Hi Fly took over the double-decker plane after its original operator, Singapore Airlines, phased it out of its fleet in 2018. An early-build A380 — the sixth off the assembly line — it was delivered to Singapore in 2008. To this day, it’s the only secondhand A380 flying in the world, but because of its unique size and high operating costs, Hi Fly hasn’t been able to find many customers for it.
Sometimes it’s used to substitute for planes that airlines have to ground for maintenance, which means passengers booked on a scheduled long-haul service with a different airline may be surprised to find themselves on the giant A380. That’s what happened to passengers booked on Norwegian in 2018, for example, when the airline was forced to ground several Boeing 787s and had to find a substitute.

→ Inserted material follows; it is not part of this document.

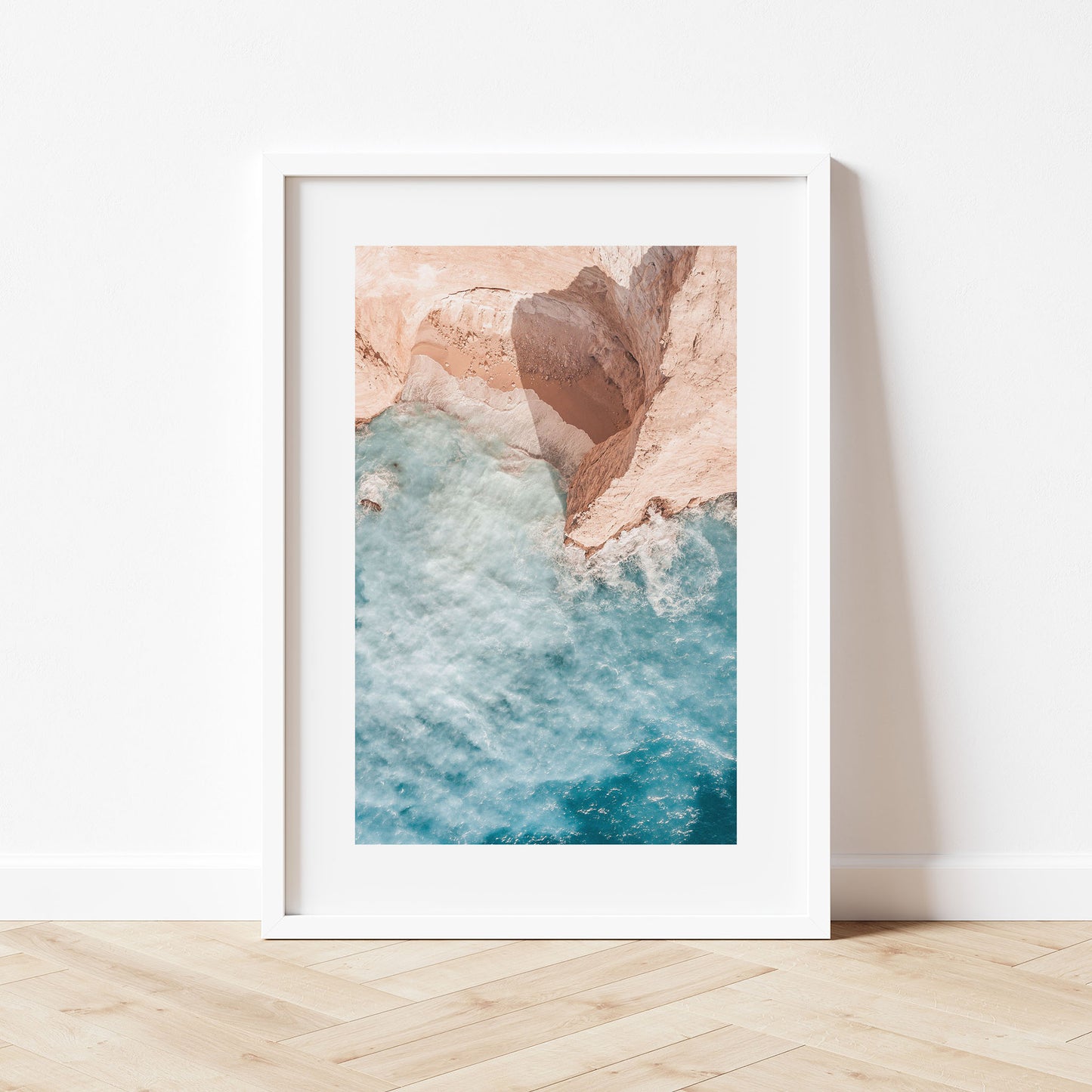 Ionian Coastal Bliss Art Print White Frame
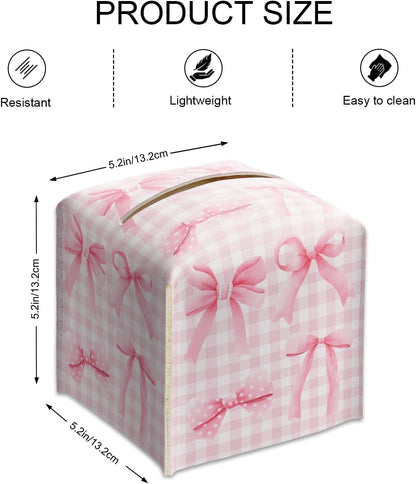 Pink Bows Tissue Box Cover Square, Leather Tissue Box Holder with Bottom Belt, Bows Home Decoration for Bathroom Vanity Countertop, Nightstands, Dining Table, Office, Car -32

TPG contributor Benji Stawski flew on the Hi Fly A380 in 2018 when it was operating for Norwegian. Since Hi Fly has kept the luxurious interiors from Singapore Airlines, evacuees from Wuhan may find themselves in first-class suites or business class with lie-flat beds, like he did. (We’ve also reviewed the Wamos Air 747, when it was also flying for Norwegian, finding it far less luxurious than the flat-beds aboard the Hi Fly A380.)
On Friday, a search on FlightRadar24 for flights bound to Hanoi revealed that another Hi Fly jet was headed there, an Airbus A340 from Brussels.
This might well be the second evacuation flight that the European Union statement spoke of. Because Hi Fly doesn’t have a base in Wuhan where pilots and flight attendants can rest and hand the plane over to a new crew for the return flight, it’s likely that the stop in Vietnam is designed to meet crew-rest rules. A relief crew flies on the Europe to Hanoi flights, then takes over in Hanoi where the original crew disembarks; the second crew takes the plane to Wuhan, stays on board while the evacuees board and then heads nonstop back to Europe. That way, pilots and cabin crew do not exceed the maximum time on duty allowed.
We asked Hi Fly for confirmation of the flights, but hadn’t heard back by publication time.